Throughout Latin America, in many parts of Europe, and in small pockets across the U.S., this week brings Dia de Los Muertos — the Day of the Dead. People will build altars in their homes, churches, cemeteries, and public squares to honor the dead and to welcome them to draw near. Offerings of food, flowers, and drinks adorn altars, which also feature religious symbols and pictures of the deceased. On this day — the eve of the ancient Christian Feasts of All Saints and All Souls — it is said that the veil between this world and the next is made thin. That we are granted closeness with loved ones who have died as a foretaste of heaven. That we are called to reflect on our own mortality.

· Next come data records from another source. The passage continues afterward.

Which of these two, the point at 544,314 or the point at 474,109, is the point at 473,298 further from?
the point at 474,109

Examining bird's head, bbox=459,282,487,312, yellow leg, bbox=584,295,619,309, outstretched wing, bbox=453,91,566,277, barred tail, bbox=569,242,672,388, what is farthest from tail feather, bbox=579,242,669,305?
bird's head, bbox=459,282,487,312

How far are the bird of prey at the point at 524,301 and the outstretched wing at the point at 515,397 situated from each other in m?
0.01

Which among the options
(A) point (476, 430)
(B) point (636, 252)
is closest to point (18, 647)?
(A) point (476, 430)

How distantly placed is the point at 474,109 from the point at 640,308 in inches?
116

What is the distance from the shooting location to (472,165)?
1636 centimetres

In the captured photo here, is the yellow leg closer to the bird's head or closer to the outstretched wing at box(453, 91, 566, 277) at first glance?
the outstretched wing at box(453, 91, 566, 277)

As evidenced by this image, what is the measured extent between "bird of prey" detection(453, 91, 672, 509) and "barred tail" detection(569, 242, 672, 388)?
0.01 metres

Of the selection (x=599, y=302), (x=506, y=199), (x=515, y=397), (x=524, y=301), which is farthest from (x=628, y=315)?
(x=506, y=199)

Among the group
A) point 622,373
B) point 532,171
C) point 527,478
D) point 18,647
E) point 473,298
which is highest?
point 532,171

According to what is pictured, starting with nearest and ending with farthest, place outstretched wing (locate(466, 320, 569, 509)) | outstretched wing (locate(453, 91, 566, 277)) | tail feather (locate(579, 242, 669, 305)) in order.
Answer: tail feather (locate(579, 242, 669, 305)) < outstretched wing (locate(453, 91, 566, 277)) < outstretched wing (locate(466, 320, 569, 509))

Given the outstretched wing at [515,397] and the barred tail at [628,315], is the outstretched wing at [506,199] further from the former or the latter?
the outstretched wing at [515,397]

That we remember that the communion of the saints means that death cannot ultimately separate us. And that death is not to be feared because Christ — through his life, death, and resurrection — has conquered it.
This year I need Dia de Los Muertos. I need a chance to honor my grandmothers and to invite them to come close. I need to be reminded of the ways they have shaped me — the ways they continue to shape me. I need to be reminded that the distance between us is finite and that our God is infinite. I need to celebrate them. Rejoice in them. Because I am overwhelmed with gratitude to belong to them.
This year our old wooden dining table will serve as an altar. I will iron Grandma Pat’s lace tablecloth and dress the table in marigolds. Fresh apples — like the ones my Grammy used to bring us from her job at the packing plant — will fill the wooden bowl at the center of the table. Pictures and small treasures will rest on the ivory lace. We will celebrate them as part of the company of saints watching over us in heaven, which include my husband’s mother, grandparents, and our sweet angelitos lost to miscarriage. We will give thanks for all of them. We will see them in each other and in ourselves. We will celebrate their closeness to God and savor their closeness to us this Dia de Los Muertos, and always. Amen.